Yesterday afternoon, she posted a final cryptic tweet on her profile saying: "I have some good news and some bad news." Shortly after, her account was deactivated.
"Rahaf received death threats and for this reason she closed her Twitter account, please save Rahaf's life," tweeted her supporter @nourahfa313, who has flanked Ms Qunun's social media campaign with her own updates on Twitter.
"I understand that there have been death threats against her but I don't know the details," said Human Rights Watch's Mr Phil Robertson, adding that even threats from online trolls need to be taken seriously.
Ms Qunun's swift use of Twitter saw her amass over 100,000 followers within a week, highlighting her plight and allowing her to avoid the fate of countless other refugees who are quietly sent back home or languish in Bangkok detention centres.

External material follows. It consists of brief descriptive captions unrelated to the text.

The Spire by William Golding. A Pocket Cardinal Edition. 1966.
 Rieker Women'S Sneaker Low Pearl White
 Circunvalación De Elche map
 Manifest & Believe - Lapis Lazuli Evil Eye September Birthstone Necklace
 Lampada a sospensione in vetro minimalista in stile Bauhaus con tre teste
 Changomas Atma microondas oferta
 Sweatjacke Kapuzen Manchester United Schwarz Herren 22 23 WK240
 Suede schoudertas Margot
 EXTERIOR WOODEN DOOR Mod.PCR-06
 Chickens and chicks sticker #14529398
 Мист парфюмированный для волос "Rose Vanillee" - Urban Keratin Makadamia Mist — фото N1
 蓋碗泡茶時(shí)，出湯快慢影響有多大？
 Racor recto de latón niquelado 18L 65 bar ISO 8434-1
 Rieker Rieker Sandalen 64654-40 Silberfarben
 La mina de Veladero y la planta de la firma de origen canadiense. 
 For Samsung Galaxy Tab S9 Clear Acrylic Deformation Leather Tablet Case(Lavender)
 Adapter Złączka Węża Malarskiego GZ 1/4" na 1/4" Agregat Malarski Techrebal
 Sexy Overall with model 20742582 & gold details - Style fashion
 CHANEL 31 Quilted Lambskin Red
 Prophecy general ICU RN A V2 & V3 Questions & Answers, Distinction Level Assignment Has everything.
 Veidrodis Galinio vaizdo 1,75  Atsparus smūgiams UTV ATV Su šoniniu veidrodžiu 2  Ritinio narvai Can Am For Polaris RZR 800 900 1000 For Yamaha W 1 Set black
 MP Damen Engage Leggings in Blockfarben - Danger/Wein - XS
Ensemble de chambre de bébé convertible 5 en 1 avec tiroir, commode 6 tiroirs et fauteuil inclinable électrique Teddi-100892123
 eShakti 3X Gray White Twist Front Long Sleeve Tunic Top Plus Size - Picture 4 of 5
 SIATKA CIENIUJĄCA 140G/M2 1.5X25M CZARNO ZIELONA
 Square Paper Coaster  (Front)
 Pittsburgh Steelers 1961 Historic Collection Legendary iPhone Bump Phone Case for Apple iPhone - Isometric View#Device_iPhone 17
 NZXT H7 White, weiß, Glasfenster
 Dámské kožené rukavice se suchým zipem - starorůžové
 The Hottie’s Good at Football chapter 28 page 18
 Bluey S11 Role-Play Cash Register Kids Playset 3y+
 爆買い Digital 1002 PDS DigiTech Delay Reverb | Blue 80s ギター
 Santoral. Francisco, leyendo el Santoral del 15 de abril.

Though her asylum case has moved at lightning speed, the mystery over which country will accept her remains.
Australia has dropped the strongest hints so far, after the UN urged the country to accept her, but its foreign minister said this week that it was still assessing the request.
Thailand's immigration chief Surachate Hakparn told reporters yesterday that as far as he knew, there were "two or three" countries which could offer asylum.
The South-east Asian nation is not a signatory to a convention on refugees, and asylum seekers must be referred to a third country. Until that happens, she is under the care of the UN High Commissioner for Refugees in Bangkok.
She refuses to see her father, who travelled to Thailand and has expressed opposition to her resettlement.